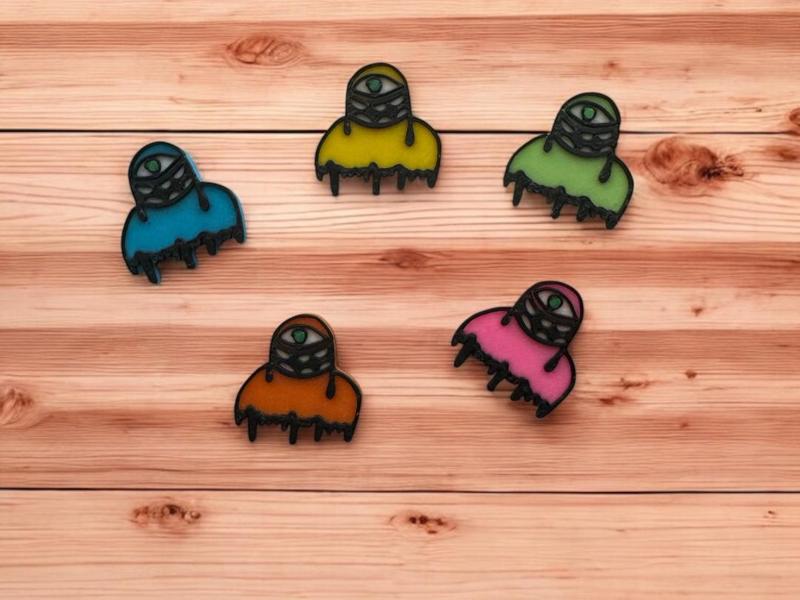 Subtronics Inspired Drippy Kandi Charm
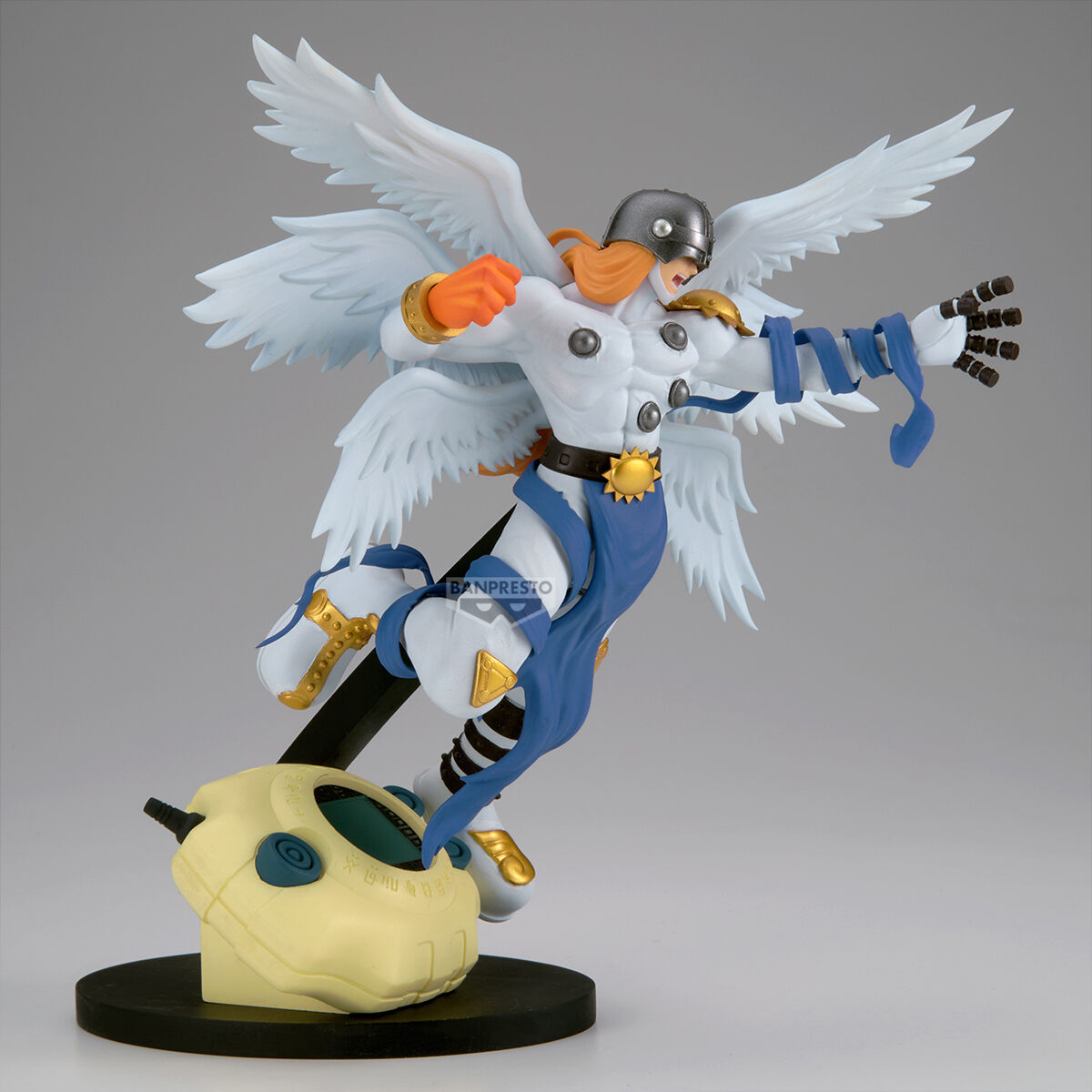 Banpresto | Angemon Digivice (22cm) | Digimon Adventure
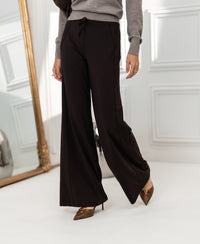 Travel-Hose LA JULIA Pure Choco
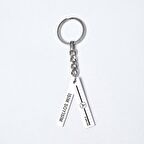 Kişiye Özel Mercedes E-200 CGI Plaka Anahtarlık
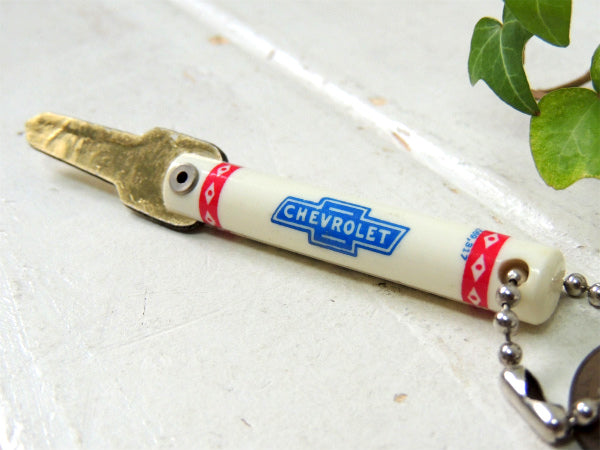 【CHEVROLET・シボレー】アドバタイジング・ヴィンテージ ・アメ車・キーホルダー&キーケース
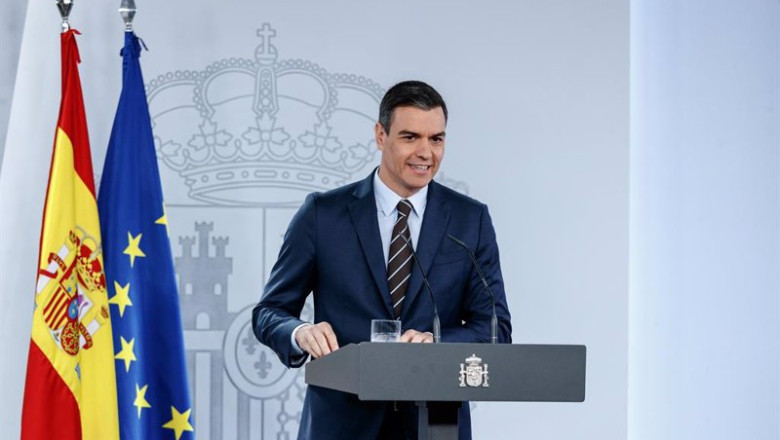 El presidente del Gobierno, Pedro Sánchez | Pool / Dani Duch - Archivo ep archivo el presidente del gobierno pedro sanchez 20240112115904
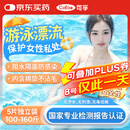 可孚医用夏季游泳私密防水贴女生儿童私处保护防感染内裤神器L码5片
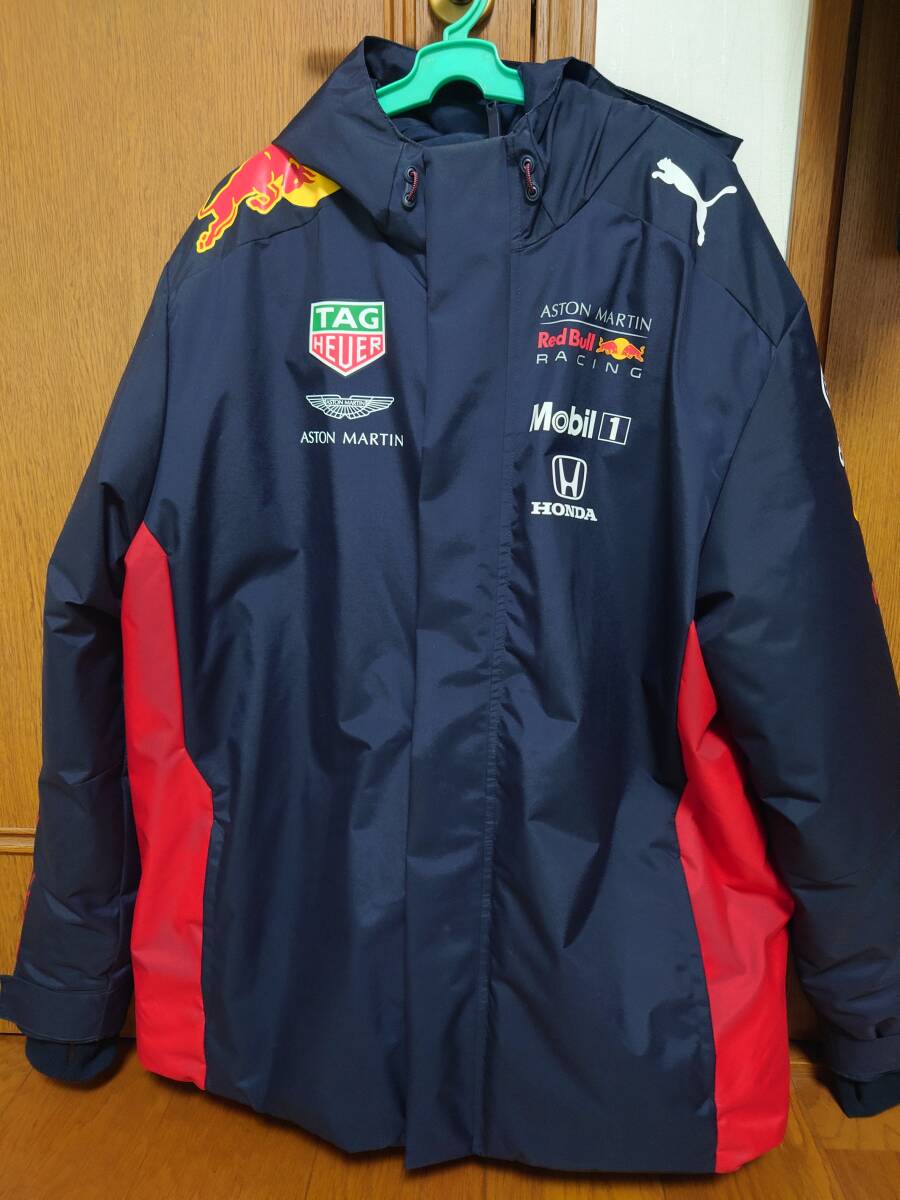 アストンマーチン レッドブル レーシング ホンダ F1チーム　2020　支給品 ウィンター ジャケット Lサイズ PUMA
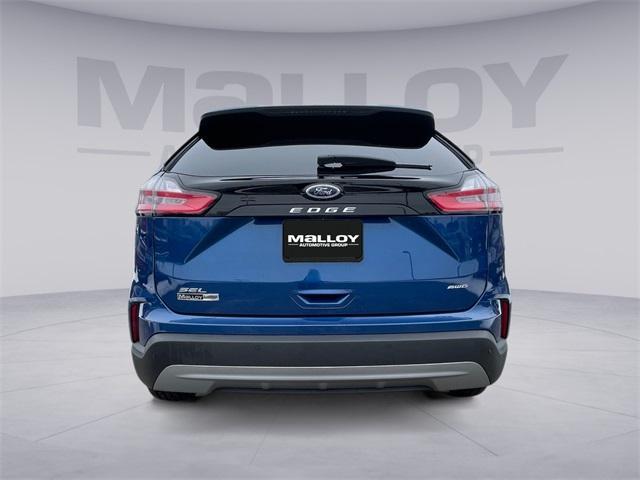used 2022 Ford Edge car, priced at $23,500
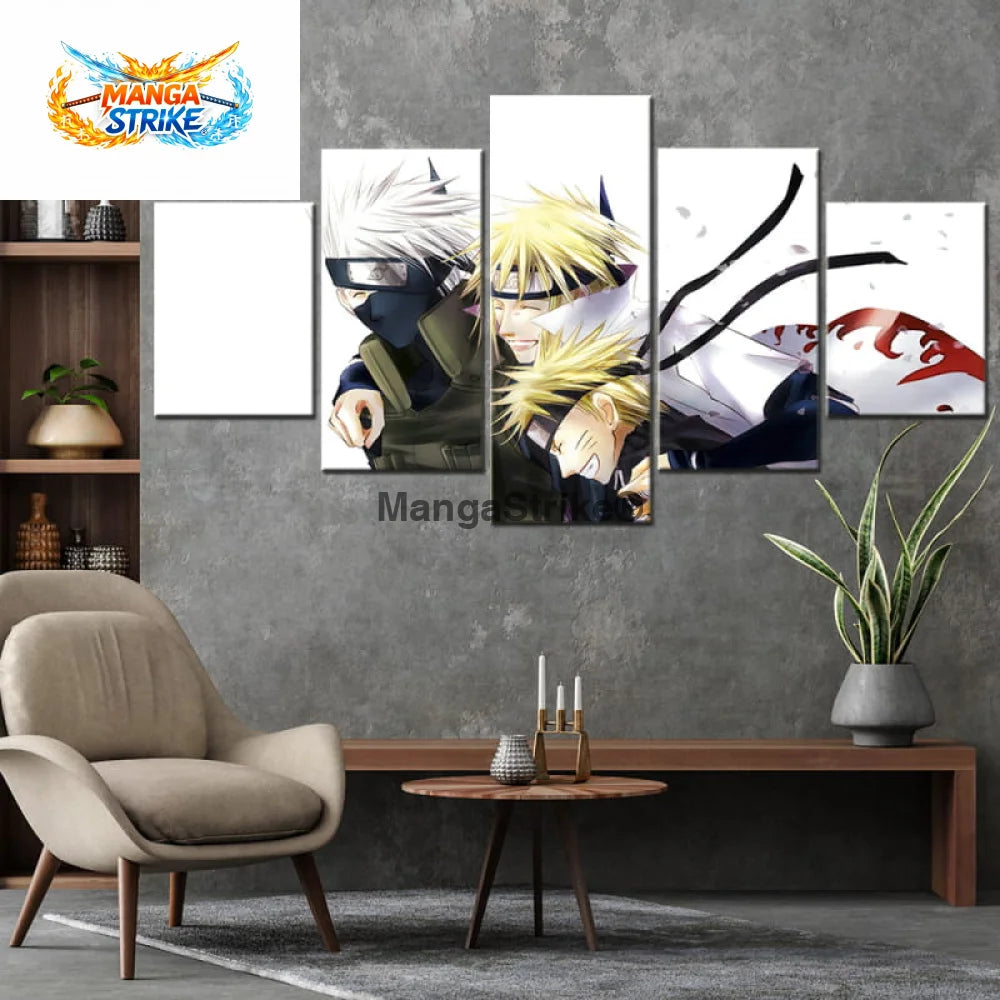 Tableau Naruto - Maître et Disciple - 1704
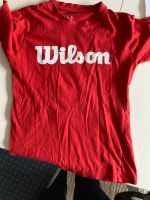 Wilson Tennis Sport Shirt Kinder 128 rot Schleswig-Holstein - Glückstadt Vorschau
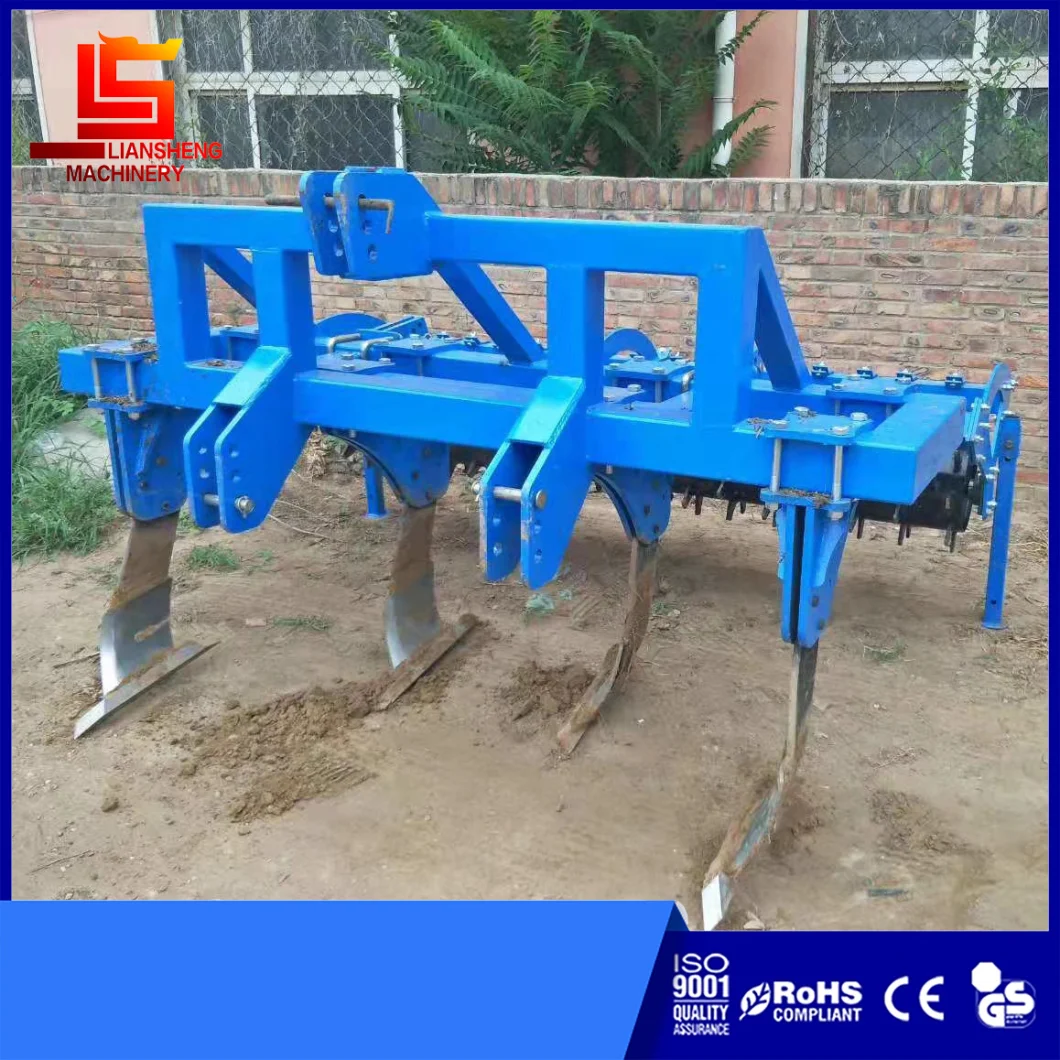 High Quality Deep Subsoiler Tractor Deep Ploughing Cultivating Machine Land Preparation Machine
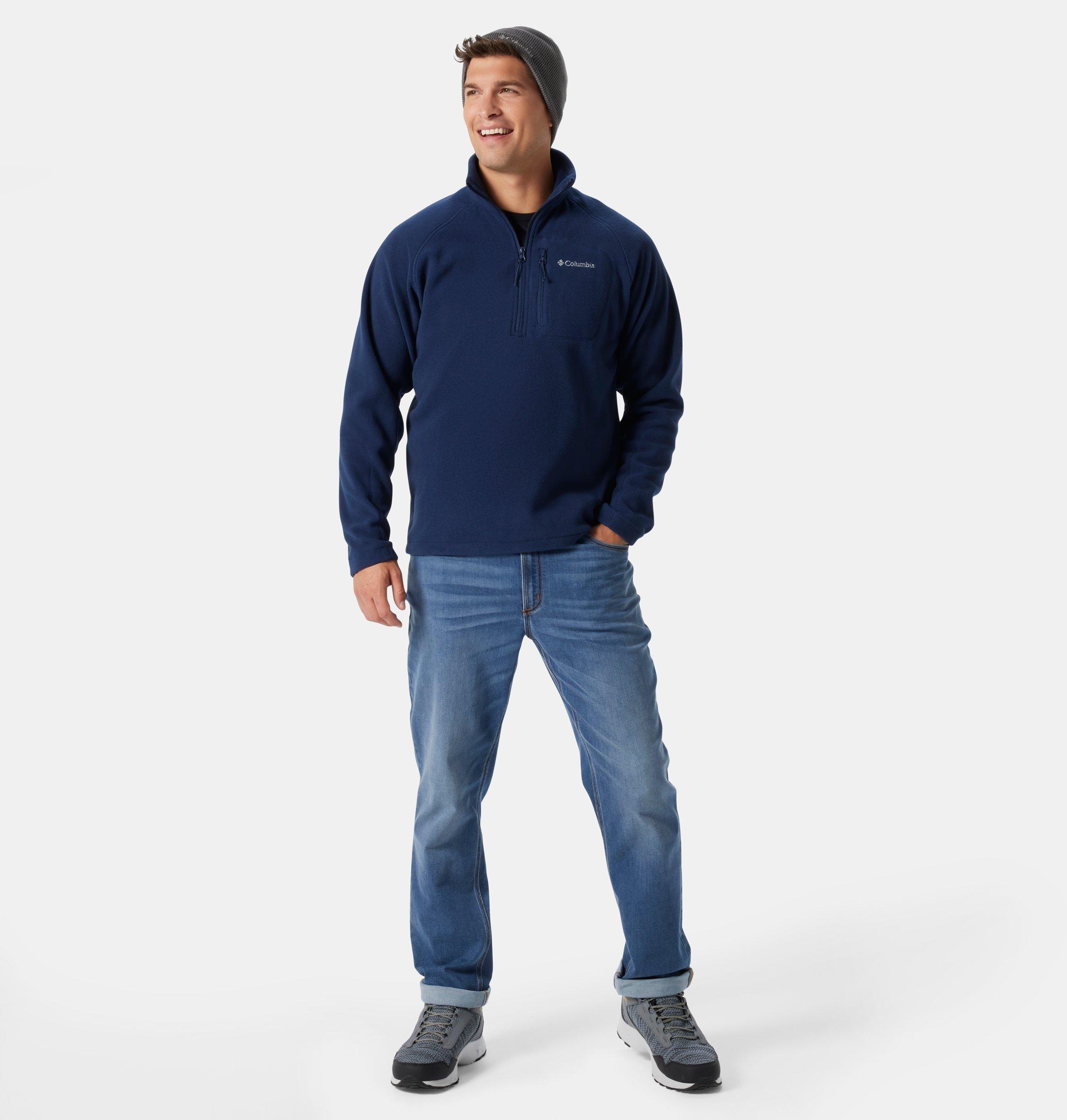 Men's Fast Trek III Half Zip Fleece Pullover 6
===============
Only the lines from the one with "アストンマーチン レッドブル レーシング" to the end of the listing, both ends included, should be retyped exactly; no pictures belong in the copy.

 アストンマーチン レッドブル レーシング ホンダ F1チーム　2020　支給品 ウィンター ジャケット Lサイズ PUMA
used 2022 Ford Edge car, priced at $23,500
 Tableau Naruto - Maître et Disciple - 1704
 Wilson Tennis Sport Shirt Kinder 128 rot Schleswig-Holstein - Glückstadt Vorschau
 High Quality Deep Subsoiler Tractor Deep Ploughing Cultivating Machine Land Preparation Machine
 Men's Fast Trek III Half Zip Fleece Pullover 6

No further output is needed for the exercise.